Hugging Face est l’endroit où la plupart des personnes qui font tourner des modèles d’IA localement vont les télécharger. Son référentiel contient plus de 3 millions de modèles, 500 000 ensembles de données et 1 million d’applications, utilisés par 18 millions de développeurs individuels et plus de 200 000 entreprises. Nvidia a accepté de l’acquérir pour 12,93 milliards de dollars — la deuxième plus grande acquisition de l’entreprise, après son achat des actifs de Groq pour 20 milliards de dollars l’année dernière.

L’accord crée une concentration de pouvoir inhabituelle dans l’écosystème de l’IA. Nvidia fournit déjà les puces sur lesquelles la plupart des systèmes d’IA tournent. Elle a également contribué à plus de 500 modèles sur Hugging Face elle-même. Désormais, elle possède la vitrine où concurrents, chercheurs et développeurs individuels publient et partagent leurs travaux. Pour les utilisateurs qui comptent sur Hugging Face pour trouver et exécuter des modèles d’IA sans payer de fournisseurs de cloud, la question est de savoir si cet accès survivra à la transition.

Le PDG de Nvidia, Jensen Huang, a directement abordé cette préoccupation. « Les développeurs choisiront les modèles qu’ils veulent, les frameworks qu’ils veulent, les fournisseurs de cloud et de services d’inférence qu’ils veulent, et les plateformes de calcul qu’ils veulent », a-t-il déclaré dans l’annonce de l’entreprise.
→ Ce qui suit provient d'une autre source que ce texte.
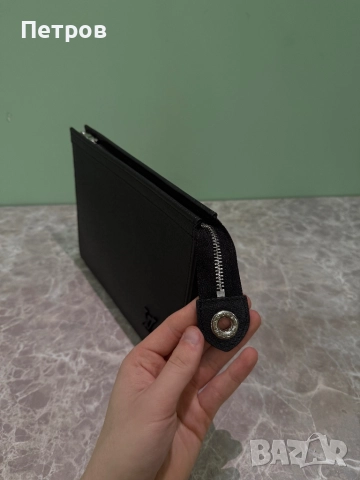 КАТО ЧИСТО НОВ Louis Vuitton Black Taiga Clutch , снимка 5 - Чанти - 52523438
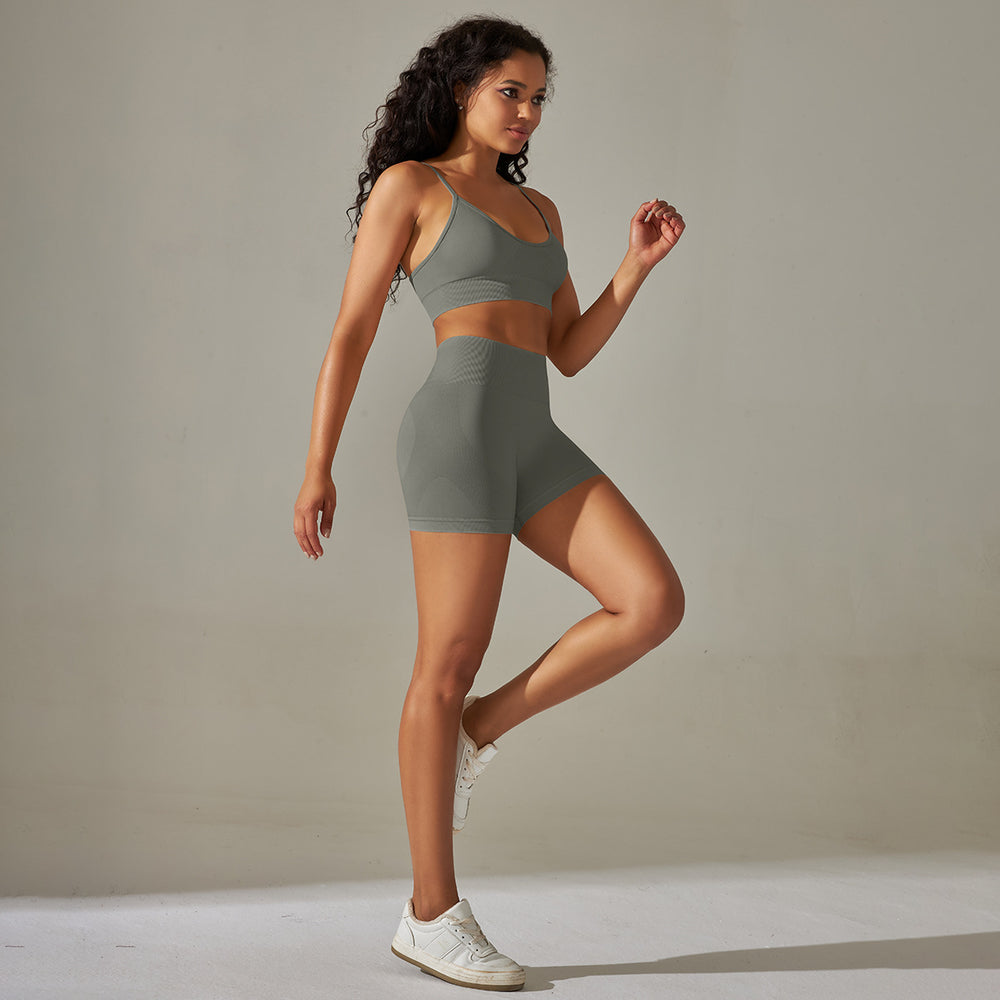 fashion seamless pure color high elastic tight peach back sports intimates yoga clothes three-quarter shortssuit for women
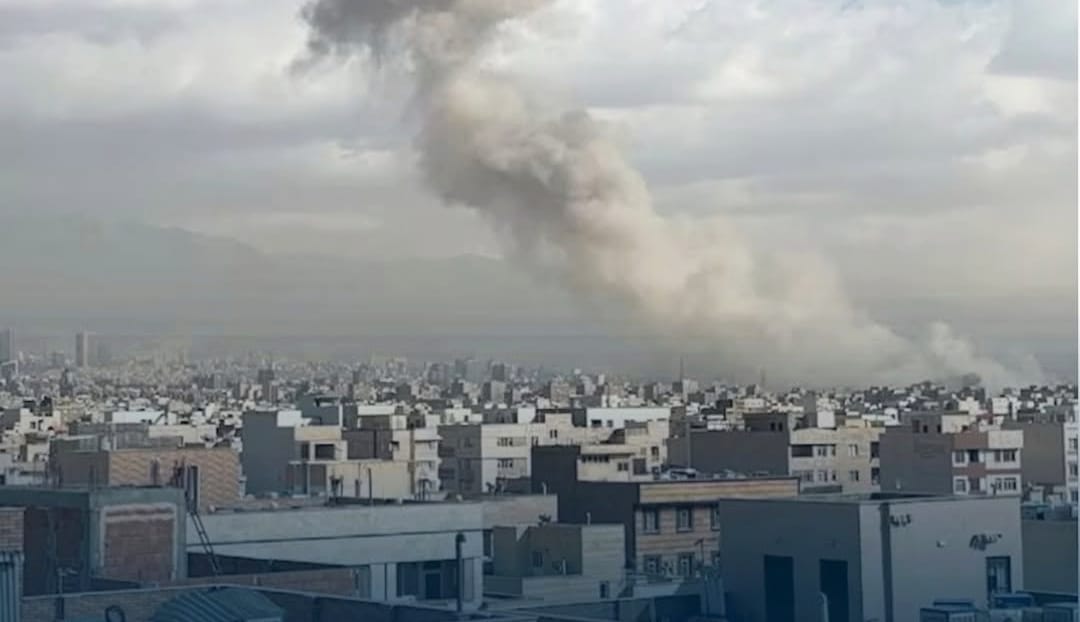 Serangan udara gabungan Amerika Serikat (AS) dan Israel melancarkan operasi militer besar-besaran terhadap Iran, Sabtu (28/2/2026). (Foto: IG katadata).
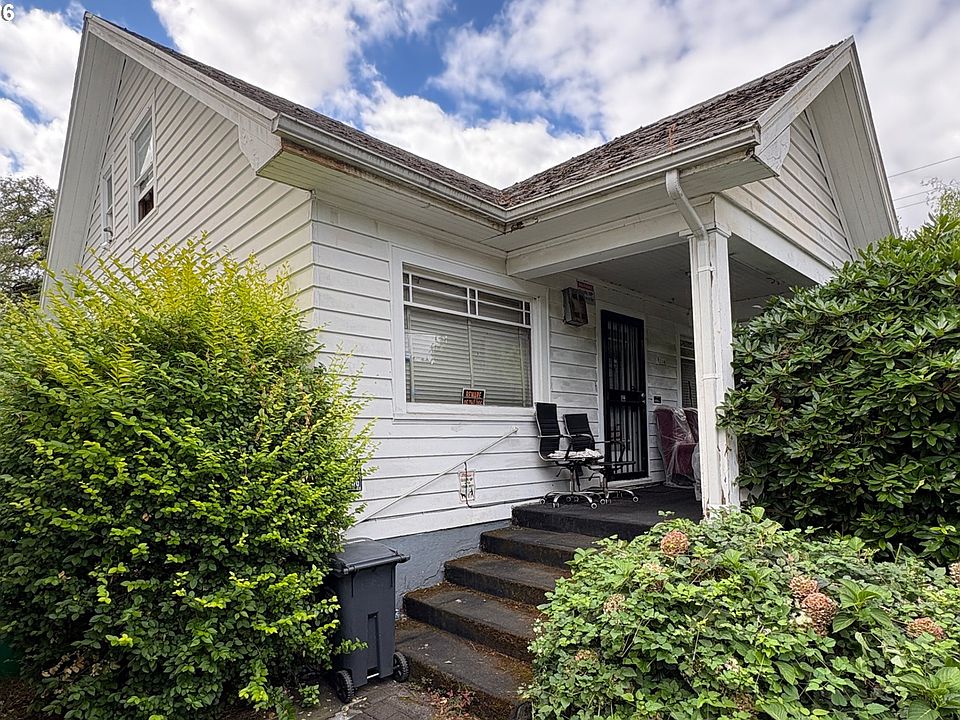 2nd image of 224 NE Mason St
Le PDG de Hugging Face, Clément Delangue, a présenté l’accord comme permettant à la plateforme d’atteindre l’échelle dont elle a besoin : plus de calcul, plus de support, plus de visibilité. Aucun des deux n’a abordé ce qui se passerait si les intérêts commerciaux de Nvidia entraient en conflit avec le maintien d’un accès facile aux outils des concurrents.

Il est bon de conserver un certain scepticisme. L’incitation de Nvidia est d’augmenter la demande pour ses GPU. Hugging Face permet d’exécuter des modèles sur du matériel d’AMD, d’Intel et de Qualcomm autant que sur les propres puces de Nvidia. Posséder la plateforme donne à Nvidia un levier commercial qu’elle n’avait pas auparavant — y compris la capacité de conditionner l’accès à Hugging Face avec sa propre capacité de calcul inutilisée pour les clients entreprises. C’est un modèle économique, pas un acte caritatif.

Ce que l’accord ne change pas immédiatement : Hugging Face fonctionne sous sa structure actuelle jusqu’à la clôture de l’acquisition, prévue au premier semestre 2027. Les modèles actuellement hébergés sur la plateforme restent disponibles. Les licences open source de ces modèles ne changent pas dans le cadre des seules conditions d’acquisition — même si les décisions futures concernant les politiques de la plateforme seront à prendre par Nvidia.

Pour les développeurs qui utilisent Hugging Face pour faire tourner de l’IA locale sans dépendre du cloud, la crainte est qu’une entreprise de puces ayant des intérêts commerciaux dans l’infrastructure cloud d’IA maintienne le même environnement qui a fait de Hugging Face le foyer par défaut de l’IA open source. Nvidia déclare que son objectif est de faire passer la plateforme de 18 millions à 100 millions d’utilisateurs. Comment elle compte le faire de manière rentable sans modifier ce qui a rendu la plateforme précieuse n’a pas été expliqué.

L’acquisition a été confirmée le 3 septembre 2026. Un examen réglementaire est attendu dans l’Union européenne et aux États-Unis avant la conclusion de l’accord au premier semestre 2027. Aucun changement concernant la plateforme Hugging Face ou ses politiques d’hébergement de modèles open source n’a été annoncé.